Have you ever stopped to think about how much money you spend on different things? Although it can be easy to overlook your expenses, a little misguided spending can run your finances into the ground. I used to struggle a lot with financial concerns, until one day when I decided to take my finances a little more seriously. My blog is all about deciding to budget, and how to take those first steps towards a healthier financial future. This blog is designed to help each user by offering helpful, motivating tips. Check out these articles for more information that might help you!

2 Tips To Help You Manage Your Money And Build Your Credit

Learning how to manage your money while you build your credit can give you the tools to help you be financially successful and prepared for unexpected expenses. And having good credit is becoming increasingly important in today's world. Here are two tips to help you manage your money and build your credit.

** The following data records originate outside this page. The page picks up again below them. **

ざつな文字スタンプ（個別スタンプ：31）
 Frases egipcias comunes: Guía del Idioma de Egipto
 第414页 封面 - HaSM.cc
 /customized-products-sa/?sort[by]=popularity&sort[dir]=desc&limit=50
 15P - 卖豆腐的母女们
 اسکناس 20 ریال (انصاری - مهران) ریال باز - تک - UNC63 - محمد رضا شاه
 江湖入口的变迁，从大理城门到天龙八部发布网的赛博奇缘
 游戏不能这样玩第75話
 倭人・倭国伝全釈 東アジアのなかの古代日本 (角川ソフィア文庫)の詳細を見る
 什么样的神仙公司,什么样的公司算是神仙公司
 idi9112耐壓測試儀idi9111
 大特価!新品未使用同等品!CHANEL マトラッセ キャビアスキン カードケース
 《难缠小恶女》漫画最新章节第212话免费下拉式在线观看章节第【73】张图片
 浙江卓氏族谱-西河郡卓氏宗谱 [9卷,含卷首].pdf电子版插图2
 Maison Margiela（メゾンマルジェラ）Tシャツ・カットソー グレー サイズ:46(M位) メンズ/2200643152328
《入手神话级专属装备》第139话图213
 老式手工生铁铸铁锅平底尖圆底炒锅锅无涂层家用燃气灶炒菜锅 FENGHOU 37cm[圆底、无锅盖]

Tip #1- Set Up Two Checking Accounts

In a recent survey, it was found 18 percent of Americans do not keep a budget. It is important to learn how to budget your income each month to cover your necessary living expenses. Most banks and other financial institutions offer online account access to make it easier for you to manage your accounts and expenses. Take advantage of this benefit. Then, make sure you have two checking accounts that are linked together through your online customer access. One of your bank's customer service agents can show you how to link the accounts together if you do not know how to do it. 

With two linked accounts, you will have the ability to transfer funds freely from one account to the other. Then, you can use one account as your bill payment account and the second account to hold your spending money. 

If you are not already using the online bill payment service with your bank, now is the time to set it up. The good part about online bill payment is you don't have to pay for stamps to mail the bills because the money will be taken straight out of your account electronically. Then, in your bill payment account, set up a bill payee for each creditor and utility company you owe money to.

When you get your paycheck, deposit it into your spending money account. Then, add up the total of all the bills you need to pay for that paycheck period and transfer this amount into your bill payment account. Schedule each bill to be paid by its due date in your bill payment account's online bill payer. 

The rest of your spending money account can go toward savings, gas, groceries, or doing something fun. It is recommended  to put aside 10 to 20 percent of your income into a savings account. Only four out of ten Americans have money set aside to pay for unexpected expenses outside their budget. You don't need to be part of the 60 percent.

Tip #2- Establish Credit Without Paying Finance Charges

Work on building good credit if you don't have any credit or if your credit is bad. And, you don't need to pay interest and finance charges to build and establish your credit. You also don't need to find a zero percent interest rate credit card. You can use any credit card to help build your credit, even if it only has a $100 credit line. 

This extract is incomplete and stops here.